A Milano il reddito medio non basta: così nasce una classe di poveri che nel resto d’Italia non c’è
La storia, raccontata da Fanpage.it, del professore di liceo che fa il rider la sera per arrivare a fine mese, riaccende i riflettori sul lavoro povero a Milano. A prescindere da chi, anche nella "capitale economica", è senza lavoro, secondo le stime della Camera di Lavoro e della CGIL milanesi ci sarebbero 340mila lavoratori che percepiscono meno di 15.000 euro all’anno e almeno 350.000 che hanno un reddito inferiore all'ammontare di un sussidio Naspi o del reddito di cittadinanza.
La storia del professore rider e di molti altri come lui racconta, però, un altro problema: nella città che si ritiene più europea d'Italia anche chi non ha un reddito classificabile come "lavoro povero", perché supera appunto i 15mila euro annui, fa comunque fatica ad arrivare a fine mese.
Chi sono i lavoratori poveri
In base alla definizione, si può ritenere povero un lavoratore che ha un reddito più basso del 60% di quello della media nazionale. Secondo l’Istat, il reddito medio in Italia è pari a 21.570 euro all’anno e la città di Milano ha un reddito medio pro capite di quasi 34mila euro all'anno. Ma, secondo la CGIL e basandosi sui numeri dell'Agenzia delle Entrate, il 27,7% del reddito prodotto è nelle mani del 2,4% della popolazione.
Alla voce "deboli", secondo la CIGL, ci sono i lavoratori part time, sia a tempo determinato che indeterminato: operai e impiegati che, avendo chiesto il tempo pieno ma senza risultato, portano a casa poco più di 12 mila euro all’anno. A questi si aggiungono tutti i lavoratori a chiamata: il loro reddito medio annuo si attesta sotto gli 8 mila euro.
A queste fasce si aggiunge quella fetta pari a circa il 40-50% dei 23mila nuclei familiari che percepiscono il Reddito di Cittadinanza a Milano. Secondo il Comune questa parte di percettori sono lavoratori che percepiscono in media 500 euro al mese, quindi 6 mila euro all’anno.
Un'altra classe di poveri a Milano
Il problema è che questi non sono gli unici lavoratori milanesi che fanno fatica ad arrivare a fine, come dimostra la storia del professore di liceo che, pur avendo un reddito superiore al 60% della media nazionale, è costretto a un secondo lavoro. Perché quei dati non tengono conto delle diverse realtà geografiche e di come la possibilità di spesa muti nelle varie città
"Oltre a chi è ritenuto povero, lavoratore o disoccupato che sia, a Milano la fascia media ha sempre meno possibilità di spesa. – spiega a Fanpage.it l'avvocato giuslavorista Cristiano Cominotto – Questo crea nel capoluogo lombardo un esercito di persone che, pur avendo un reddito che a livello nazionale è ritenuto medio, nel capoluogo lombardo in realtà risultano nei fatti sotto la soglia di povertà".

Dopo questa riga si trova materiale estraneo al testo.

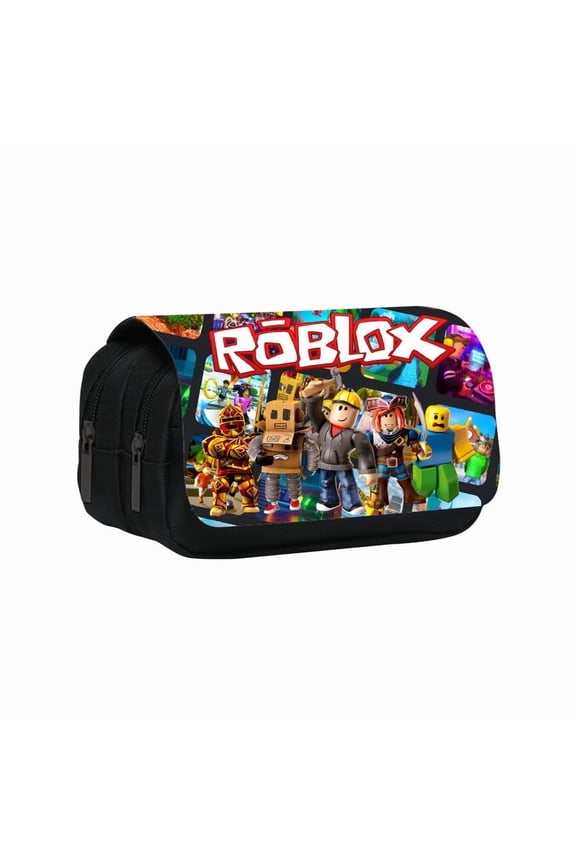 Roblox Lightweight Large-Capacity Pencil Case Festival Gift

Chi difende quindi i diritti dei lavoratori si trova sempre più spesso di fronte a situazioni di persone che, pur avendo un lavoro e un reddito ritenuto accettabile, in realtà affronta ugualmente importanti difficoltà economiche.
"Milano poi è il primo posto dove aprono le grandi multinazionali, con una capacità di spesa molto importante per i suoi dipendi, ma anche questo in realtà aumenta la polarizzazione ampliando le disparità fra lavoratori e rendendo più cara la città. Quindi, anche quella che è una grande forza della città, si trasforma in una debolezza".
Un numero sempre più importante di persone con elevata possibilità di spesa produce, quindi, a Milano (a differenza che ne resto d'Italia) un aumento dei prezzi, già a partire da quello delle case, che produce una classe di poveri autoctona: lavoratori che, pur avendo un reddito medio non riescono ad arrivare a fine mese.